Конечно, культурный разрыв между низшими и высшими классами был характерен не только для Российской империи и колониальных режимов, но и для большинства европейских стран. Однако в ходе
строительства национальных государств привилегии, считавшиеся эксклюзивным достоянием высших сословий, постепенно были распространены на всех граждан. Русские же из-за перипетий своей истории
так и не стали единой нацией, единым политическим организмом, который сам определяет свою судьбу. Вот почему постколониальное прочтение русской литературы и истории, предложенное Эткиндом,
звучит так актуально.
Недавно писатель Михаил Шишкин с берегов Женевского озера (о, как это по-русски!) писал: «в России возникла уникальная ситуация. На одной территории образовалось две совершенно разных по духу
и культуре нации, хотя и те и другие - русские и говорят на одном языке. Одна часть народа живет в провинции - многомиллионная, нищая, необразованная, спивающаяся, ментально оставшаяся в
средневековье. Другая сосредоточена в двух русских столицах – образованная, с достатком, объездившая весь мир и с европейскими представлениями о демократическом устройстве общества».

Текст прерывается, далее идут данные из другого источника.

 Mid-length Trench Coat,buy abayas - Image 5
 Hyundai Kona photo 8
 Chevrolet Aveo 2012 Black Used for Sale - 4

Звучит так, как будто ничего и не поменялось за 200 лет, как будто мы продолжаем жить во времена Грибоедова! Вновь обсуждается навязчивое противопоставление интеллигенции («креативного
класса») и народа. С легкой руки журналистов Болотная противопоставляется Поклонной - так, «Комсомольская правда» по итогам протестных митингов ругала «безнадежный либеральный клуб
высоколобых очкариков» за высокомерное отношение к «быдловатому обывателю». И вот «очкарики», наслушавшись этих обвинений, пытаются преодолеть свою «оторванность» от народа, тем самым еще
усугубляя ее. Читая книгу Эткинда, мы понимаем, что это уже не раз повторялось в русской истории. И есть надежда, что такое понимание поможет выбраться из колониального тупика.